If these were instructions to a Type V-IIc U-boat or the USS Alabama, I'm sure they would have been fine, but with a ship that has such a lack of reference material, it would have been nice if the function of some of the parts and assemblies were explained. Again, I found myself guessing.
I decided to build the model before mounting it to a base. This is not my usual tactic but given the length of the torpedo boom and the stress it would incur during the assembly, I decided to keep the model loose and mount it prior to painting. The majority of the rudder and tail section of the sub had to be scratch built using the brass rods. Some ends had to be flattened and I did this with a small hobby hammer. In most cases, the length needed was not mentioned, so I had to cut and test-fit frequently.
The dive planes were not a good cast and I tried my best to make them symmetrical. I'm still not pleased with the result but it isn't entirely distracting. Assembling the boom, torpedo and lance was pretty much straight forward once I decided what it should look like. The only tedious part was flattening the end that attaches to the sub and cutting a "Y" incision into it so that it mated with the front blade of the sub.
Once assembled, I primed with Poly S light gray primer using my airbrush. After filling any obvious gaps, I applied a coat of Testers Acrylic dark panzer gray. After drying, I began the task of making resin look like iron...I haven't tried to simulate iron much before in this scale so I kind of worked by trial and error. I applied a wash of 1 part Nato black, 10 parts water and 3 parts dark brown pastel shavings.
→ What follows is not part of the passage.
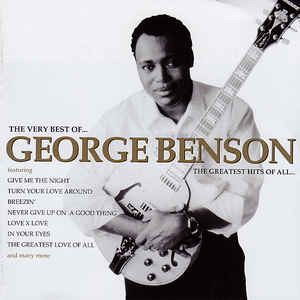 George Benson - Very Best of George Benson: The Greatest Hits of All - Zortam Music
I then lightened the wash by dry-brushing a lightened bit of the base coat. To simulate the metal surface, I dry-brushed Testers chrome-steel over the raised details. The water and rust stains were made using black and dark brown pastels flat brushed on. I then sealed it all with Testers dull coat.
The coin is a replica of the $20 gold piece found in the raised Hunley. It belonged to LT. George Dixon who, according to legend, carried the coin that was given to him by his fiancée in his pocket during the battle of Shiloh. He was shot in the chest and the Union Mini-Ball struck the coin in his pocket. The impact bent the coin but it saved his life. He had it inscribed, "Shiloh, April 6, 1862. My Life Preserver G.E.D." Apparently, Dixon was carrying the coin when the Hunley sank. The coin has been valued at $10 Million.